Caption-style text data:
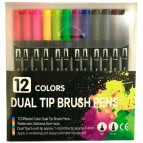 Фломастеры 12цв. Лидер Brush двухсторонние с кисточкой 884-12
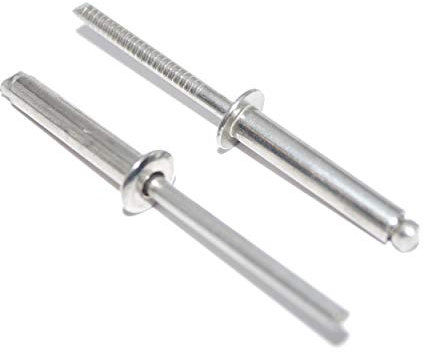 Rivetti ciechi, 3 x 10 mm, 50 pezzi, in acciaio inox A2 (V2A) con testa piatta, forma A, rivetti DIN 7337 - ISO 15983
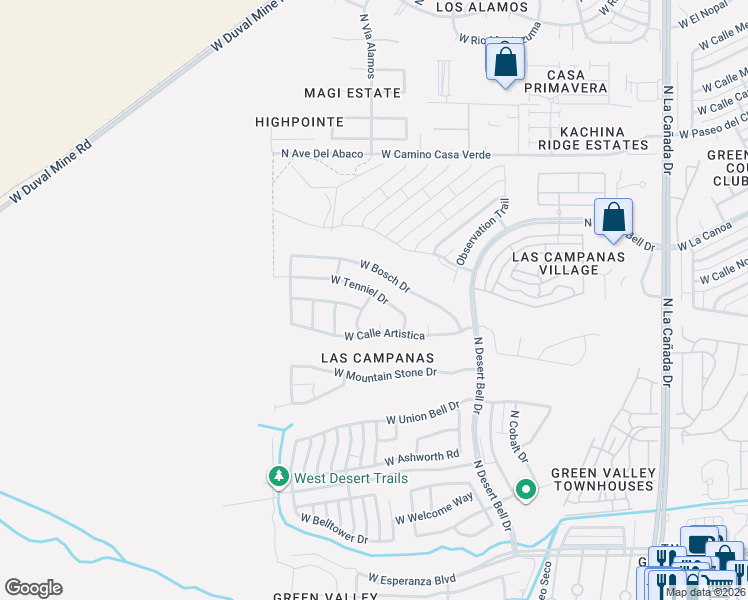 map of restaurants, bars, coffee shops, grocery stores, and more near 983 West Tenniel Drive in Green Valley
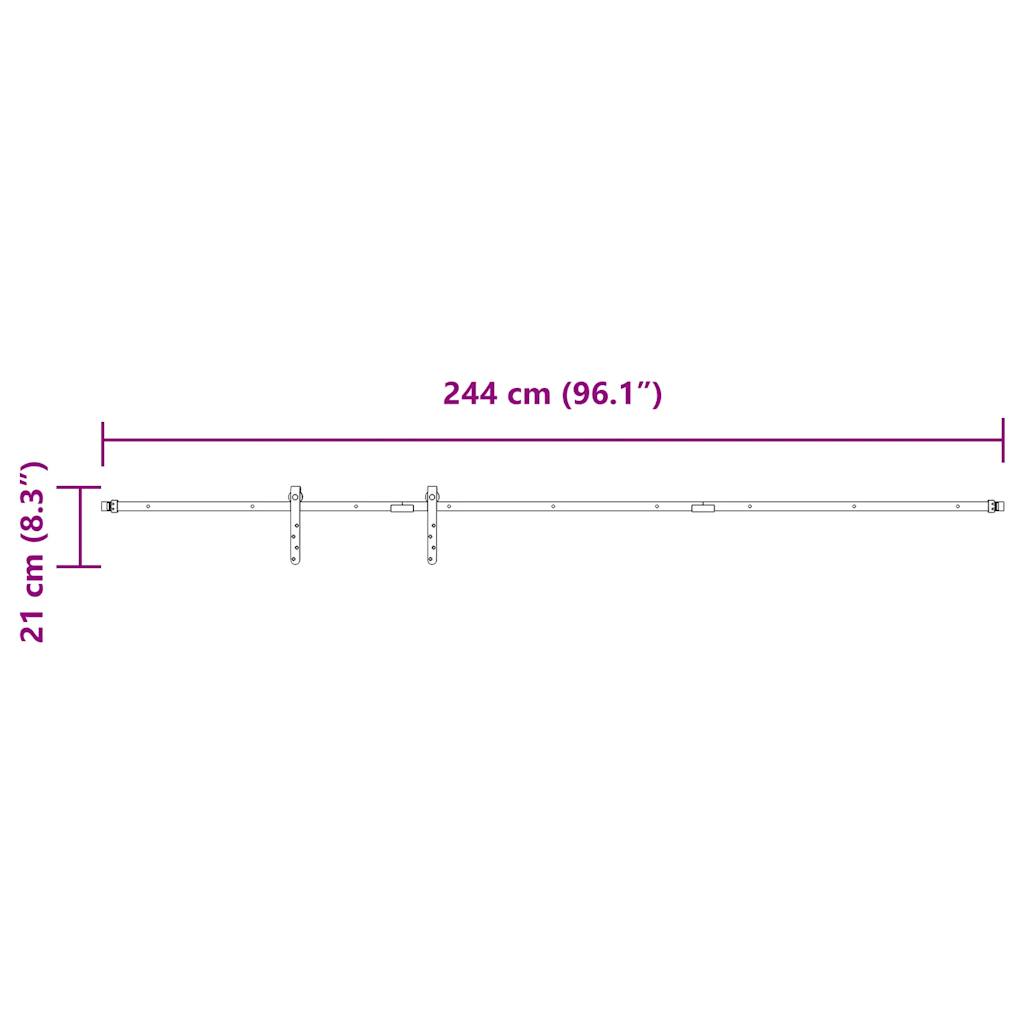 Kit Anta Scorrevole Armadio in Acciaio al Carbonio 244 cm | homemem39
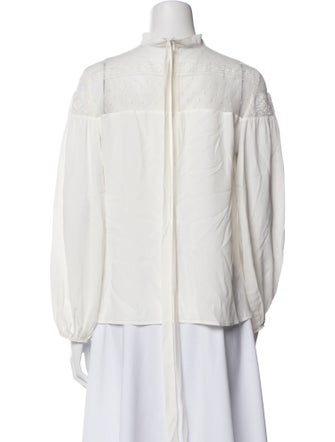 Red Valentino Mock Neck Long Sleeve Blouse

→ **Problem statement**: For this exercise, reproduce the data above exactly from the line containing "Kit Anta Scorrevole" through its final line, both ends included, with no pictures in the copy.

→ **Final answer**:
 Kit Anta Scorrevole Armadio in Acciaio al Carbonio 244 cm | homemem39
 Red Valentino Mock Neck Long Sleeve Blouse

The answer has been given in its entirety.